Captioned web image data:
*** Block opens ***

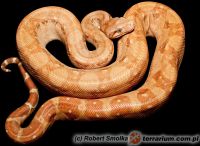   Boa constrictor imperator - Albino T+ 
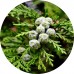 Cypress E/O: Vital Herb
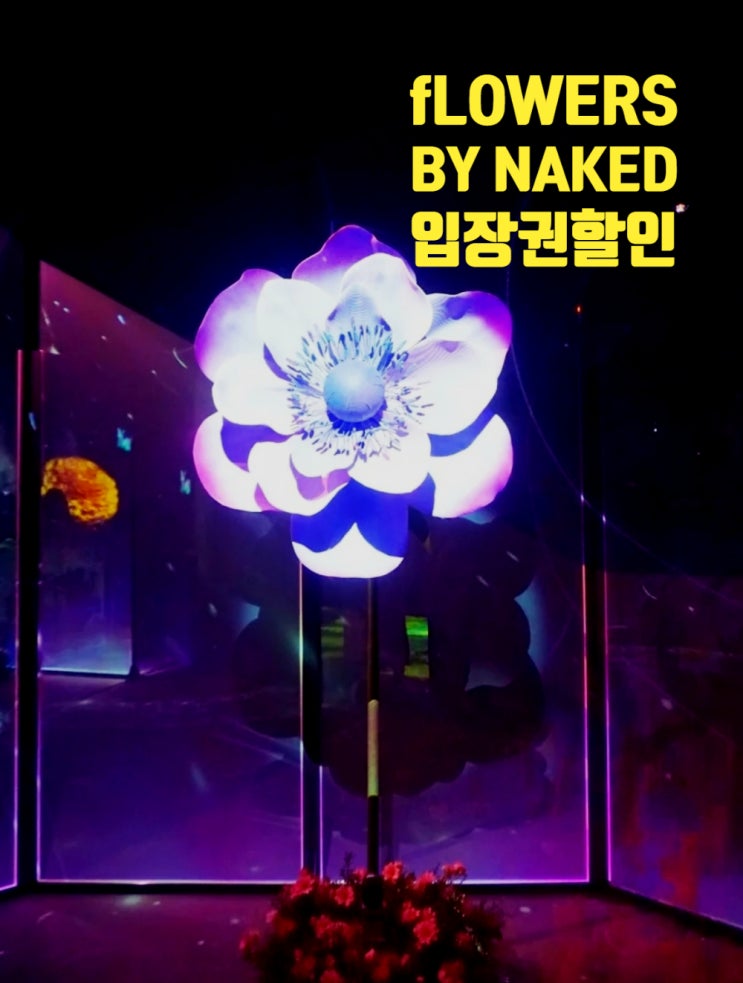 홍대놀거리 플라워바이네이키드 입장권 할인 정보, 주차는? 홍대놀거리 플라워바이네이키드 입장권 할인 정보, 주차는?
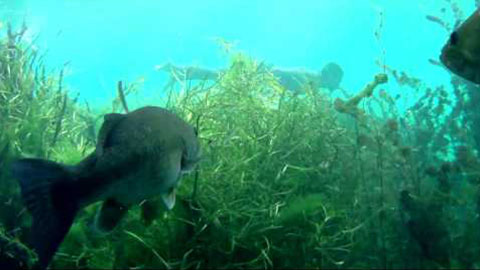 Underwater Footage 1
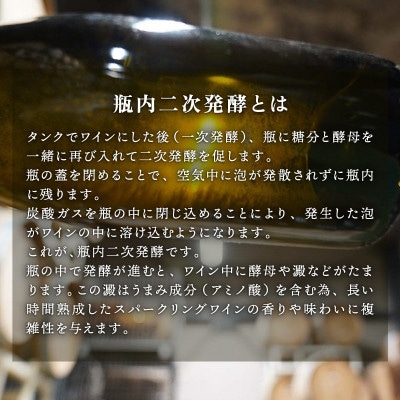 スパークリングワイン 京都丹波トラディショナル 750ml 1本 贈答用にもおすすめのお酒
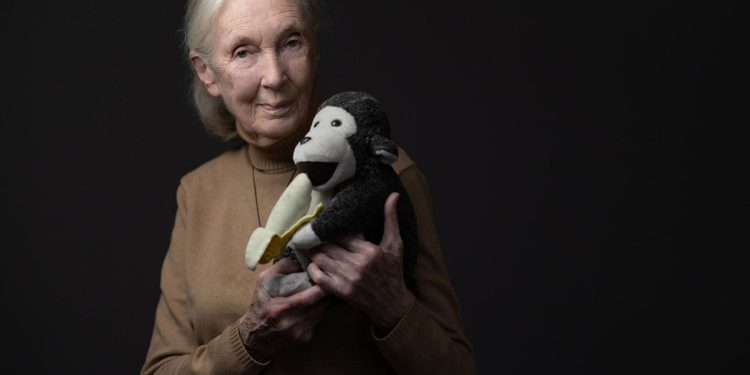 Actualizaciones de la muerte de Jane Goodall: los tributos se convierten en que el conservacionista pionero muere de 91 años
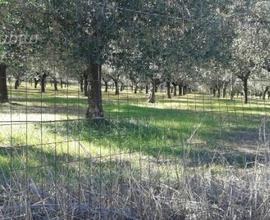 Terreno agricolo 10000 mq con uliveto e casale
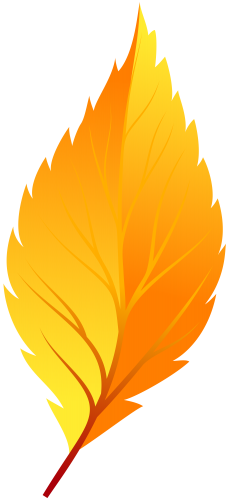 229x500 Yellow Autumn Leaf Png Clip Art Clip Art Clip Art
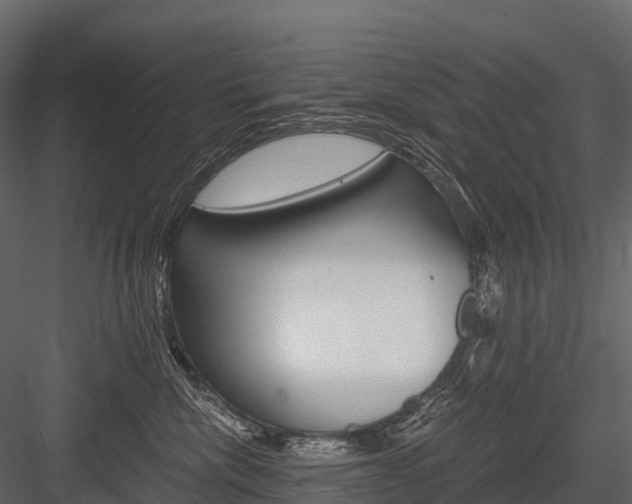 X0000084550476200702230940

*** Block closes ***

## [TASK ITEM]
Hand back exactly the lines from the one with "229x500 Yellow Autumn" through the last line of the data above, both ends included, with every picture left out.

## [WRITTEN SOLUTION]
 229x500 Yellow Autumn Leaf Png Clip Art Clip Art Clip Art
 X0000084550476200702230940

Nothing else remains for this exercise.